§ **What the task asks**
Look through the listing below, and wherever a line has the string "Women", copy it.

§ **Study material**

☆ ☆ ☆ ☆ ☆ ☆ ☆

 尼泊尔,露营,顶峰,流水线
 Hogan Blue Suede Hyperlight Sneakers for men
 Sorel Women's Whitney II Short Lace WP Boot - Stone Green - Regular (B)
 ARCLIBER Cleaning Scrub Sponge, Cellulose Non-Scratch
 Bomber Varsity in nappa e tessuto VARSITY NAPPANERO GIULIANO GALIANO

☆ ☆ ☆ ☆ ☆ ☆ ☆

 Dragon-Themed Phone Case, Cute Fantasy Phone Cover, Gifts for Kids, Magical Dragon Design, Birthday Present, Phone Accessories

☆ ☆ ☆ ☆ ☆ ☆ ☆

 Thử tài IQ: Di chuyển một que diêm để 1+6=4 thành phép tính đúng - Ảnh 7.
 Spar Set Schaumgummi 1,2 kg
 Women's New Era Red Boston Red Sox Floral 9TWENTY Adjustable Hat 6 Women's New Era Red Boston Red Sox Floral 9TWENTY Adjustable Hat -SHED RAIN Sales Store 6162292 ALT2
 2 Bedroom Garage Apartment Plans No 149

☆ ☆ ☆ ☆ ☆ ☆ ☆

§ **Reply**
 Sorel Women's Whitney II Short Lace WP Boot - Stone Green - Regular (B)
 Women's New Era Red Boston Red Sox Floral 9TWENTY Adjustable Hat 6 Women's New Era Red Boston Red Sox Floral 9TWENTY Adjustable Hat -SHED RAIN Sales Store 6162292 ALT2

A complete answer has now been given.